Katie Silvestri, Literacy Department, was recently elected for a two-year appointment as secretary for the Special Interest Group (SIG) Semiotics in Education: Signs, Meaning, and Multimodality, a SIG within the American Education Research Association (AERA). This SIG provides a forum for teacher educators and literacy researchers to discuss signs, meanings and meaning making processes that people use in the context of teaching and learning from a multimodal standpoint. As secretary, Silvestri will maintain the SIG website and listserv as well as spearhead initiatives to foster conversations about and collaborations in scholarly work across the SIG's membership, as detailed on Featured Member Scholarship. She served in this position as interim secretary during a restructuring of the SIG for the past nine months and will now serve as secretary for the 2020-22 term. To learn more about Silvestri’s work as secretary or about social semiotics and multimodality, visit the Semiotics in Education SIG website.

John Suarez

John Suarez, Institute for Civic Engagement, conducted a two-part workshop at Barnard College’s STEM Colloquium, part of Barnard’s Noyce Scholars Program.
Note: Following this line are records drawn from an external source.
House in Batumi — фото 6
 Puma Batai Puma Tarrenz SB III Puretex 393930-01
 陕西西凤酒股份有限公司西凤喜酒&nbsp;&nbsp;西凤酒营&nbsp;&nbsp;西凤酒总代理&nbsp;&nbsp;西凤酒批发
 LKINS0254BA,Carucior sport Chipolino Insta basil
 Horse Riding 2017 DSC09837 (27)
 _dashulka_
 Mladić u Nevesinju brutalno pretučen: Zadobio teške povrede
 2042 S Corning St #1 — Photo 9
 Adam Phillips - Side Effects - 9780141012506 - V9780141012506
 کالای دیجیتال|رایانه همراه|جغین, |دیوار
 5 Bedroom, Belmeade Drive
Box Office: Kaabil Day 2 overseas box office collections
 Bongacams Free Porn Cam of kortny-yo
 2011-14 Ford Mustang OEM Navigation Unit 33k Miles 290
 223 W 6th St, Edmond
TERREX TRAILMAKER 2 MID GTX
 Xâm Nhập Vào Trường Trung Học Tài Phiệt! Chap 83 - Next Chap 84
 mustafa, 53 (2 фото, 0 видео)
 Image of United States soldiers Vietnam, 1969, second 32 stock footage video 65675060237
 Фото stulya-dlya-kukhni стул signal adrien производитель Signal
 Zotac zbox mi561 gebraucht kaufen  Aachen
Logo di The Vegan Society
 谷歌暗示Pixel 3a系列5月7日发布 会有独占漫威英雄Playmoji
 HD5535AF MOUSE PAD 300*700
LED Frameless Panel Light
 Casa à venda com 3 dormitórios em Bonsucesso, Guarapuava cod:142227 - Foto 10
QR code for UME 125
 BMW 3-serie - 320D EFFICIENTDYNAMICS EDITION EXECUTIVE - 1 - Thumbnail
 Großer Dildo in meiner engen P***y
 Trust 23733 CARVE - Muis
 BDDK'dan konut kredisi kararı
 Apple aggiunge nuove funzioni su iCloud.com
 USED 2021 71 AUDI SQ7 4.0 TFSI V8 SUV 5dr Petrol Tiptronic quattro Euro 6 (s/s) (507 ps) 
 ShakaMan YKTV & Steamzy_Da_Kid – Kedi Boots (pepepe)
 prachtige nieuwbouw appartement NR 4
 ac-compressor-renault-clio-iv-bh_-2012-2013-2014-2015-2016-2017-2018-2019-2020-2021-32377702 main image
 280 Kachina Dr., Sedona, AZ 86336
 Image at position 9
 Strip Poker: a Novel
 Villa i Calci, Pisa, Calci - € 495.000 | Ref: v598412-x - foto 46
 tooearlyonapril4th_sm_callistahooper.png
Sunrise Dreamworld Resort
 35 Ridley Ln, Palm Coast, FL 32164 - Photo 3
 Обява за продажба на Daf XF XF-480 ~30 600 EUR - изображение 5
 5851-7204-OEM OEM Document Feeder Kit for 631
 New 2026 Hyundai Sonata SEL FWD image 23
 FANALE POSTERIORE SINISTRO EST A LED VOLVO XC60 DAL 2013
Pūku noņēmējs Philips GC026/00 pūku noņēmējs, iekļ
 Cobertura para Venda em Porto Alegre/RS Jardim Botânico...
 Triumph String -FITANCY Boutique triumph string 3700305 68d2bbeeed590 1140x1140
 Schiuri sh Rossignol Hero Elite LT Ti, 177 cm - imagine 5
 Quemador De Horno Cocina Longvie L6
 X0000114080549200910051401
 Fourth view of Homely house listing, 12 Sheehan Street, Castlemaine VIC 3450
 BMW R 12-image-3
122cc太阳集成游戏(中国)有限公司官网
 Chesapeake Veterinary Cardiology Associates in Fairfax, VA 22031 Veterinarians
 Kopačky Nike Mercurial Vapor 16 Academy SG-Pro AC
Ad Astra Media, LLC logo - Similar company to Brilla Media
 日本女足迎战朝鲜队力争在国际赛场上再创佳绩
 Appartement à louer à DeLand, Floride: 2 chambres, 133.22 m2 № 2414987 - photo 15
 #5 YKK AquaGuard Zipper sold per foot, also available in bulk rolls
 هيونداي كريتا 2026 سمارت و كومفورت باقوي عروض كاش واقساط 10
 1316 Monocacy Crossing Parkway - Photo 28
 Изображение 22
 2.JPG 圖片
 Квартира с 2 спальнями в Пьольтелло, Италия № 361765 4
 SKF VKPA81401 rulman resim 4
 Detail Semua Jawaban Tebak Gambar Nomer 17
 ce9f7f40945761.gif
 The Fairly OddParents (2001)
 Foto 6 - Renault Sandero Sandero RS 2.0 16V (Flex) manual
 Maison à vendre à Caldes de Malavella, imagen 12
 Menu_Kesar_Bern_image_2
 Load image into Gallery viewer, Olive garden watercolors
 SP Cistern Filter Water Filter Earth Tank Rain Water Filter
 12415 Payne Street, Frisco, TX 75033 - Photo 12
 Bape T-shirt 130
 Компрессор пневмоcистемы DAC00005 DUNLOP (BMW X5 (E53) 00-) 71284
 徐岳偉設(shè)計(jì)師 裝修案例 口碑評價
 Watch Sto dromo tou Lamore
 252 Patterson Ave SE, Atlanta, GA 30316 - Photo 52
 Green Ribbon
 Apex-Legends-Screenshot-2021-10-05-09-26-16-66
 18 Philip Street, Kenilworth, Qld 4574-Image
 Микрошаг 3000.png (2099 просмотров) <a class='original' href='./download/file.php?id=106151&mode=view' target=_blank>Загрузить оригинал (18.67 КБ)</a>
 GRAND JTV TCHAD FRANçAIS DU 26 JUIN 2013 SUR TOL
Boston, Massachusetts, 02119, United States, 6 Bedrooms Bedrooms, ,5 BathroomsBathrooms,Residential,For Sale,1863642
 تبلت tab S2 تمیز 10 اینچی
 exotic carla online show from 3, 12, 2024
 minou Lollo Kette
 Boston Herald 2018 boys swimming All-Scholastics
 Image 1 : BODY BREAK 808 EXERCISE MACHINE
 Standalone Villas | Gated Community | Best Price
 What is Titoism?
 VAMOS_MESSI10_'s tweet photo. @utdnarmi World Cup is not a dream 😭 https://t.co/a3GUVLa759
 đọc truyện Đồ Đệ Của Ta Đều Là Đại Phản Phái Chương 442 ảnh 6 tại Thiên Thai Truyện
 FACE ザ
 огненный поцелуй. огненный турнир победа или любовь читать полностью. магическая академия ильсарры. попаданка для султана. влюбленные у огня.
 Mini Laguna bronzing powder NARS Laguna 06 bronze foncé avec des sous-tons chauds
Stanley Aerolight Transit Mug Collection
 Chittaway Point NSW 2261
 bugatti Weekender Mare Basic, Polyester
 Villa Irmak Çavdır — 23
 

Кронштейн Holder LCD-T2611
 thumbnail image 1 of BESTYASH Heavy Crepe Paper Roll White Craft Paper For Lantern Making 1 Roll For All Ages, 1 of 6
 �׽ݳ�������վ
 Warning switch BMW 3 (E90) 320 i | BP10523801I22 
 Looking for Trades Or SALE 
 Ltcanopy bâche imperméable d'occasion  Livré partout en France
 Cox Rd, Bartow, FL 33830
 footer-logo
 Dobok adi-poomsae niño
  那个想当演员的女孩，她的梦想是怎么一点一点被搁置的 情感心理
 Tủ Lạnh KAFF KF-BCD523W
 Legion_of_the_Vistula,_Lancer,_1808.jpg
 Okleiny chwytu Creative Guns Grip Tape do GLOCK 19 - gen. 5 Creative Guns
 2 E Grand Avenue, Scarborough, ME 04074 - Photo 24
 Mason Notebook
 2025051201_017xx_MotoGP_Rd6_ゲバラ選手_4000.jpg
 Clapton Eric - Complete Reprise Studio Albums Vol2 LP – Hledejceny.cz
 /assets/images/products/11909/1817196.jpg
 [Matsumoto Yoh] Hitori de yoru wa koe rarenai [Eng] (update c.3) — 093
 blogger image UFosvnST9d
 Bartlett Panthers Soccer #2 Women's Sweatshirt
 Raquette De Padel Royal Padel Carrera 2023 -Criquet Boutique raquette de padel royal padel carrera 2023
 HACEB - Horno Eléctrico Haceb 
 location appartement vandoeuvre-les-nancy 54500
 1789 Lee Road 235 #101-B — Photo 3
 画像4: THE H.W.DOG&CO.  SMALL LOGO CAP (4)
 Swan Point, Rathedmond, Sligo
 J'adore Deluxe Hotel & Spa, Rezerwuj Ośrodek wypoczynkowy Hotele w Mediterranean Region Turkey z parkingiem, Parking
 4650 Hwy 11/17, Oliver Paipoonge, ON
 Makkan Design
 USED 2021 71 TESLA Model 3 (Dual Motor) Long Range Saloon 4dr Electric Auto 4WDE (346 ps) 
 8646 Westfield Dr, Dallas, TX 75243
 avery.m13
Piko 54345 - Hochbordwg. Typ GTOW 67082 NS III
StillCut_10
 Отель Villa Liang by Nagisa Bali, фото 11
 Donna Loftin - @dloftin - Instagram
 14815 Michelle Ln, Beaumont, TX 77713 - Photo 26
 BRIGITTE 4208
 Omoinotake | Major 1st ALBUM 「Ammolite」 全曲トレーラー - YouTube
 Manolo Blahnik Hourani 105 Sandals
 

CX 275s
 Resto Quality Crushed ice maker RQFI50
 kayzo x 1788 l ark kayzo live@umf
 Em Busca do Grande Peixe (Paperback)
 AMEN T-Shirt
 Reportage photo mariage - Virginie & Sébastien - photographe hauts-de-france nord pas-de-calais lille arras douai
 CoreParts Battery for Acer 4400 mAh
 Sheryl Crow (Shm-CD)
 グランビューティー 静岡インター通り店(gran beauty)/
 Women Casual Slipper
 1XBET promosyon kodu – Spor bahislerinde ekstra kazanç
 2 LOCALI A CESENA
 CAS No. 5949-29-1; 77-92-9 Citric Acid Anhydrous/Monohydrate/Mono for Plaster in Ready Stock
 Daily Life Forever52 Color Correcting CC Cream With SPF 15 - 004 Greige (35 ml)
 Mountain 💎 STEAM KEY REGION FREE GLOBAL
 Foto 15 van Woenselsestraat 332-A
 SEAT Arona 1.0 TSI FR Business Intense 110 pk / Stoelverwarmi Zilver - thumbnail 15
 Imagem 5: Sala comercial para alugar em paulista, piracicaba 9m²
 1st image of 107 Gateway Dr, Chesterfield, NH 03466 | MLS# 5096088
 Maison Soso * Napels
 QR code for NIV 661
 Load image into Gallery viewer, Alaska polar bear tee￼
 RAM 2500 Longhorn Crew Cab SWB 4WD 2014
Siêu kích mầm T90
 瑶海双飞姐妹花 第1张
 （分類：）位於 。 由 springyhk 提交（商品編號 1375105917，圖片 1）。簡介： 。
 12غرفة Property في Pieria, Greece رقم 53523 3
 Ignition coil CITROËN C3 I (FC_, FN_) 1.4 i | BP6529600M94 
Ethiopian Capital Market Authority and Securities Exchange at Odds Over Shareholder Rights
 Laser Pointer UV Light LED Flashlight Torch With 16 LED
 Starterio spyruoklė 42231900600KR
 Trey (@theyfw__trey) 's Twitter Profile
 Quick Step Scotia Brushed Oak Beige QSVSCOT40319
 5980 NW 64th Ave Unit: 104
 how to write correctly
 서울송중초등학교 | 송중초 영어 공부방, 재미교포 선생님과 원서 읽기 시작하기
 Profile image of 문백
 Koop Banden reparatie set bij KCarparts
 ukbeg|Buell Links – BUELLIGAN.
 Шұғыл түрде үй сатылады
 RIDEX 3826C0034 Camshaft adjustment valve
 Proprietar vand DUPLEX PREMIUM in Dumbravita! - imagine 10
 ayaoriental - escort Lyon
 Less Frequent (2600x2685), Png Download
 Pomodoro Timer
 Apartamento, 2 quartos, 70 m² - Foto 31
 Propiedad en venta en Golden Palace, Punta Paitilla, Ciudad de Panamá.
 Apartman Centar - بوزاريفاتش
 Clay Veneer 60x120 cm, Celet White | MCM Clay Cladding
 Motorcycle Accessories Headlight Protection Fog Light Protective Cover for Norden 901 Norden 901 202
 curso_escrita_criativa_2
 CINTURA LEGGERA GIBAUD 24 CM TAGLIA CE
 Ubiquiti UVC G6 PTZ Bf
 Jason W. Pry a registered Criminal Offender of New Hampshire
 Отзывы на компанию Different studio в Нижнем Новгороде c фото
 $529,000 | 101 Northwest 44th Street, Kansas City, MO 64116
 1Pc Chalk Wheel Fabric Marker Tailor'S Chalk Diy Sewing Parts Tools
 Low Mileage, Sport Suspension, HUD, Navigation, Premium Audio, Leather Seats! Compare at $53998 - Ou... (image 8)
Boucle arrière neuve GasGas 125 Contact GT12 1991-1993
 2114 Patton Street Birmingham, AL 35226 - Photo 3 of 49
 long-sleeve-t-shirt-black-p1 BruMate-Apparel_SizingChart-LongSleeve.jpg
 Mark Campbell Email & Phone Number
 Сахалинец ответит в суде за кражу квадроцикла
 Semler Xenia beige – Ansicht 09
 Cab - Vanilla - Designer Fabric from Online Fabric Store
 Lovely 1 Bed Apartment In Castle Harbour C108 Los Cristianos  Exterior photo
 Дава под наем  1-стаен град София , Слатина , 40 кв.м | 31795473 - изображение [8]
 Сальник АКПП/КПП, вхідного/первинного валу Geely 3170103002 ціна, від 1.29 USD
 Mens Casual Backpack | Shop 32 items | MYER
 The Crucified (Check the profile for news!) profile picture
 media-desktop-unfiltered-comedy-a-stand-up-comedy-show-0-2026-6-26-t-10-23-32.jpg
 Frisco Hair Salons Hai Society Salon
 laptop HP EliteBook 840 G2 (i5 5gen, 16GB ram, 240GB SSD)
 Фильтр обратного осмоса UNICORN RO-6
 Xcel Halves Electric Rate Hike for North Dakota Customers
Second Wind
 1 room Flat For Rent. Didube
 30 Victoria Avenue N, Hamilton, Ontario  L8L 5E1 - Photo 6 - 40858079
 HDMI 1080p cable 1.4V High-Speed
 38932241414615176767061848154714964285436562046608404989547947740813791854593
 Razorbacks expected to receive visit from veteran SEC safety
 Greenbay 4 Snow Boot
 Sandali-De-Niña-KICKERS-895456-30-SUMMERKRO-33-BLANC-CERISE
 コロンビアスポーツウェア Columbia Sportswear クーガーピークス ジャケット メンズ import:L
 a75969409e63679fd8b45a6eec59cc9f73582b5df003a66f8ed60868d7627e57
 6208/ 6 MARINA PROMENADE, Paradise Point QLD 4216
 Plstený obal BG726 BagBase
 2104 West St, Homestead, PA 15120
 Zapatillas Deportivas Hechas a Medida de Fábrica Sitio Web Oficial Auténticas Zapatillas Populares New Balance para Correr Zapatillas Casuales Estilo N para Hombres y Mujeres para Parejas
Eight students and three faculty members participated in the “Reflective Listening in Multi-Dimensional STEM Classrooms” workshop. In the workshop’s first part, participants enacted a scripted play through which they identified and discussed hidden ways in which government policies and low-income life can interfere with children’s learning. During the event’s second part, participants practiced reflective listening skills in the context of STEM classrooms in which teachers faced political, religious, and cultural opposition to their lessons.

Mary Gfeller

Mary Gfeller, Mathematics Department and SUNY Cortland Noyce Scholars Kelsey O’Donnell and Robin Tobin presented “Teaching Math Using Culturally Relevant Teaching Strategies” at the National Science Foundation 2014 Noyce NE Regional Conference held in March in Philadelphia, Pa. Perspectives on culturally relevant teaching strategies in teaching secondary math concepts were discussed using examples from real classrooms, including several from O’Donnell and Tobin’s current student teaching placement at Binghamton High School. The presenters explored the various strategies designed to make math more accessible and more meaningful to students.

Robert Spitzer

Robert Spitzer, Political Science Department, presented a paper titled, "Hot Button Issues in the 2012 Presidential Campaign: 47% Yes, Guns No?" for a conference on the 2012 presidential elections held at Hiram College in Ohio on November 16-17. 

Rhiannon Maton

Rhiannon Maton, Foundations and Social Advocacy Department, recently had a coauthored article published in Teachers College Record. The article is titled "White Parent and Caregiver Perceptions of, and Resistance to, Equity and Anti-Racism Work in an Independent School."